=== DATA TO PROCESS ===

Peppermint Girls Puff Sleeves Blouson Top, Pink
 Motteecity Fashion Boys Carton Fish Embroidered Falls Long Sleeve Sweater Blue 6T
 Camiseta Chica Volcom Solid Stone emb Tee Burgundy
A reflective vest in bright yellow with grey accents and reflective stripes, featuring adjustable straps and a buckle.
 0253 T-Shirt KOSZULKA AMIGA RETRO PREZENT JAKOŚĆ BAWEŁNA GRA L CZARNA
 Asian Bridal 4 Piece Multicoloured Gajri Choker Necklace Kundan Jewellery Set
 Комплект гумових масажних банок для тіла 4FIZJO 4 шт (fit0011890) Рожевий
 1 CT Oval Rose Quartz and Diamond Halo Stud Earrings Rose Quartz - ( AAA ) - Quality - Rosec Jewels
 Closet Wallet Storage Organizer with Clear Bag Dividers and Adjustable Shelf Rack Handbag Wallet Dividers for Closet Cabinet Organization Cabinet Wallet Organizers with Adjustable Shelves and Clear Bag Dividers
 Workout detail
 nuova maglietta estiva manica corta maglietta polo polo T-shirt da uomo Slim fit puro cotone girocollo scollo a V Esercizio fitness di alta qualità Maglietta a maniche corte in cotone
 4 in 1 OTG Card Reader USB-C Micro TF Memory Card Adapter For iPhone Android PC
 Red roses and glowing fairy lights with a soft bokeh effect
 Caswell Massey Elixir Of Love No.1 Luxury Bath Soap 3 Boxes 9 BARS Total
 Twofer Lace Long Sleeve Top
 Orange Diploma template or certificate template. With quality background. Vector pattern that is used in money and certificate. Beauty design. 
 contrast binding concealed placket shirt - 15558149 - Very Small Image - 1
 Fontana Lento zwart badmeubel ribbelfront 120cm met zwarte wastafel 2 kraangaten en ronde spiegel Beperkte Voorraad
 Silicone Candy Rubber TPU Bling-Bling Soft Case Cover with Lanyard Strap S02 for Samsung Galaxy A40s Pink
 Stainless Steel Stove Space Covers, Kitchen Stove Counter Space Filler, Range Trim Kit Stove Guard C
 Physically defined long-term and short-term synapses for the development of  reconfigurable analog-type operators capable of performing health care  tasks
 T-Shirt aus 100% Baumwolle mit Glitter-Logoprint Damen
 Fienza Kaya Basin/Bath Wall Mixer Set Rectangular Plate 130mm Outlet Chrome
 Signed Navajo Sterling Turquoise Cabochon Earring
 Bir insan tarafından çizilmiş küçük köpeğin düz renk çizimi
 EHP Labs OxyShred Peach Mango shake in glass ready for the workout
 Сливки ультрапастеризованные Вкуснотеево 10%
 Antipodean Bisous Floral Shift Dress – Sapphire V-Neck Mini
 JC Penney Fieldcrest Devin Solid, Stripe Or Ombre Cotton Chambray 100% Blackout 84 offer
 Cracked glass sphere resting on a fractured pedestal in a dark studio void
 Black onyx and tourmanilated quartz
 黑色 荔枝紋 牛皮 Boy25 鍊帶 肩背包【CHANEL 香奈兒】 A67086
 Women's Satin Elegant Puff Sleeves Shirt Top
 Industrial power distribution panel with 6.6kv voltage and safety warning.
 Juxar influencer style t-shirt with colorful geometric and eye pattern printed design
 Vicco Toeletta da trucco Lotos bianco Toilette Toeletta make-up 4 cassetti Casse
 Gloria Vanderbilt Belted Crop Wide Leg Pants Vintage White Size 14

===

> _EXERCISE DESCRIPTION_: You are asked to reproduce word for word the line containing "Orange Diploma template" and every subsequent line through the end of the entries.

> _EXERCISE SOLUTION_:
 Orange Diploma template or certificate template. With quality background. Vector pattern that is used in money and certificate. Beauty design. 
 contrast binding concealed placket shirt - 15558149 - Very Small Image - 1
 Fontana Lento zwart badmeubel ribbelfront 120cm met zwarte wastafel 2 kraangaten en ronde spiegel Beperkte Voorraad
 Silicone Candy Rubber TPU Bling-Bling Soft Case Cover with Lanyard Strap S02 for Samsung Galaxy A40s Pink
 Stainless Steel Stove Space Covers, Kitchen Stove Counter Space Filler, Range Trim Kit Stove Guard C
 Physically defined long-term and short-term synapses for the development of  reconfigurable analog-type operators capable of performing health care  tasks
 T-Shirt aus 100% Baumwolle mit Glitter-Logoprint Damen
 Fienza Kaya Basin/Bath Wall Mixer Set Rectangular Plate 130mm Outlet Chrome
 Signed Navajo Sterling Turquoise Cabochon Earring
 Bir insan tarafından çizilmiş küçük köpeğin düz renk çizimi
 EHP Labs OxyShred Peach Mango shake in glass ready for the workout
 Сливки ультрапастеризованные Вкуснотеево 10%
 Antipodean Bisous Floral Shift Dress – Sapphire V-Neck Mini
 JC Penney Fieldcrest Devin Solid, Stripe Or Ombre Cotton Chambray 100% Blackout 84 offer
 Cracked glass sphere resting on a fractured pedestal in a dark studio void
 Black onyx and tourmanilated quartz
 黑色 荔枝紋 牛皮 Boy25 鍊帶 肩背包【CHANEL 香奈兒】 A67086
 Women's Satin Elegant Puff Sleeves Shirt Top
 Industrial power distribution panel with 6.6kv voltage and safety warning.
 Juxar influencer style t-shirt with colorful geometric and eye pattern printed design
 Vicco Toeletta da trucco Lotos bianco Toilette Toeletta make-up 4 cassetti Casse
 Gloria Vanderbilt Belted Crop Wide Leg Pants Vintage White Size 14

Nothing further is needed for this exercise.